What is needed:
For each record below, retype the text exactly and omit any image.

The input:
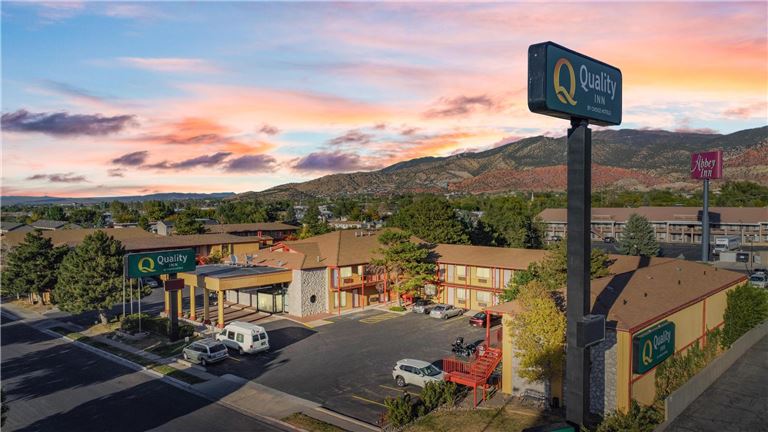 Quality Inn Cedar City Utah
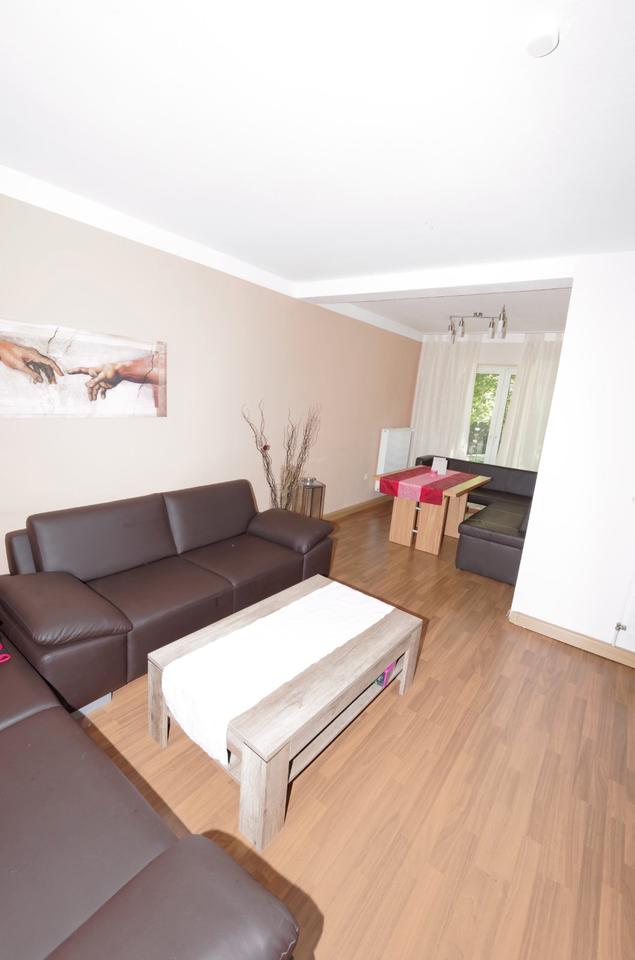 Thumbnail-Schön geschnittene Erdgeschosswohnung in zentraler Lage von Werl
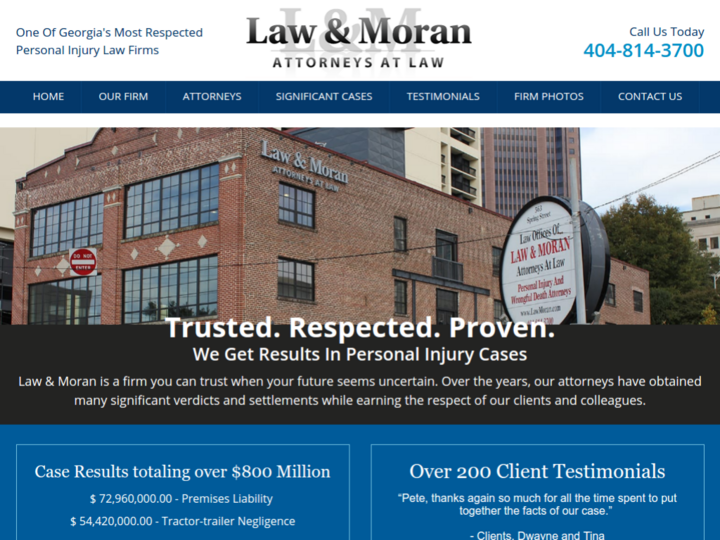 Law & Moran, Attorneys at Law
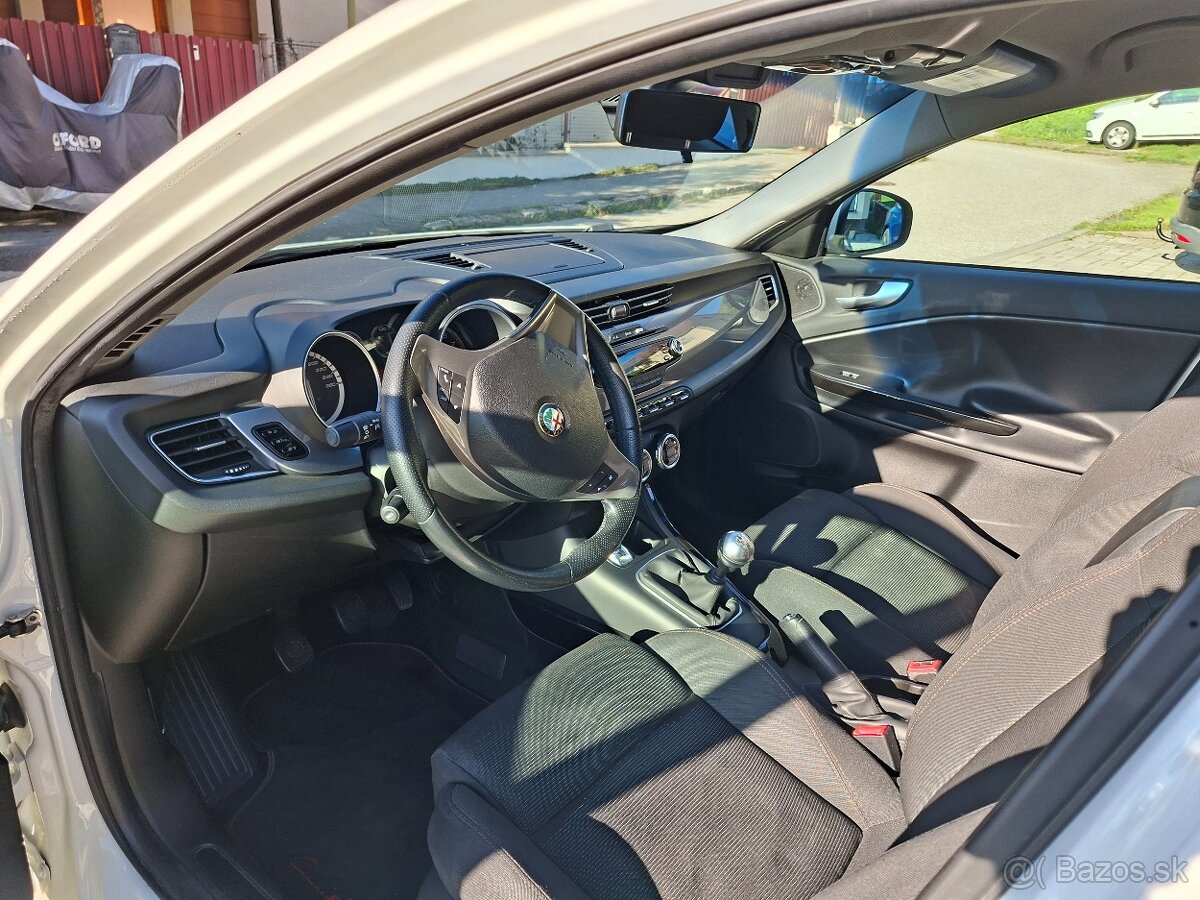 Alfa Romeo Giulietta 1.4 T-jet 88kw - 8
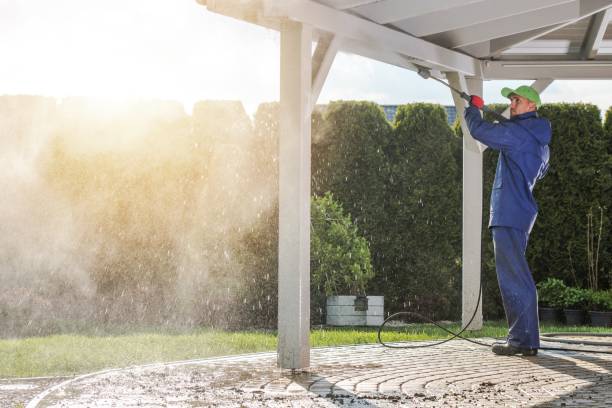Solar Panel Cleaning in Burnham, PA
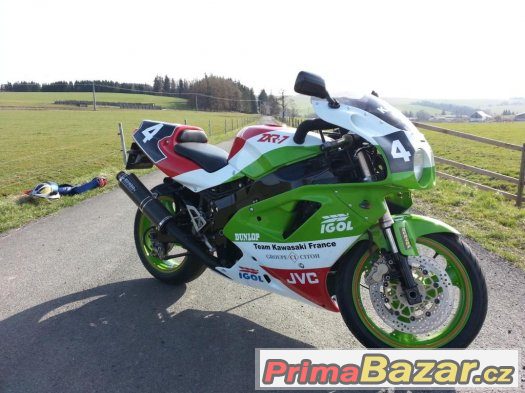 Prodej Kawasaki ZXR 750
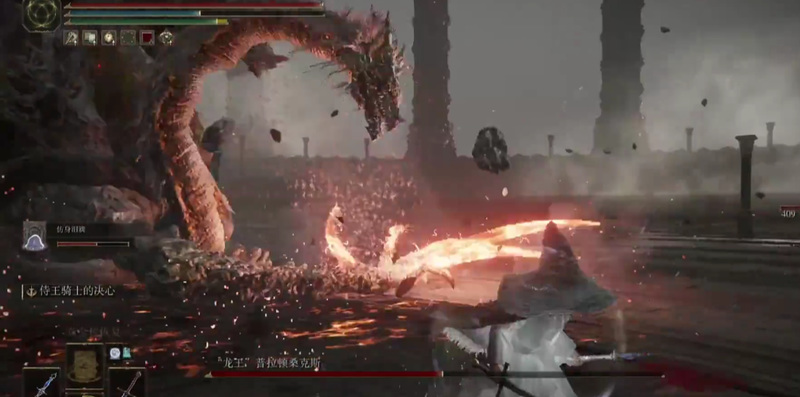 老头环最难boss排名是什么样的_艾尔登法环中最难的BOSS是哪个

Answer section:
 Quality Inn Cedar City Utah
 Thumbnail-Schön geschnittene Erdgeschosswohnung in zentraler Lage von Werl
 Law & Moran, Attorneys at Law
 Alfa Romeo Giulietta 1.4 T-jet 88kw - 8
Solar Panel Cleaning in Burnham, PA
 Prodej Kawasaki ZXR 750
 老头环最难boss排名是什么样的_艾尔登法环中最难的BOSS是哪个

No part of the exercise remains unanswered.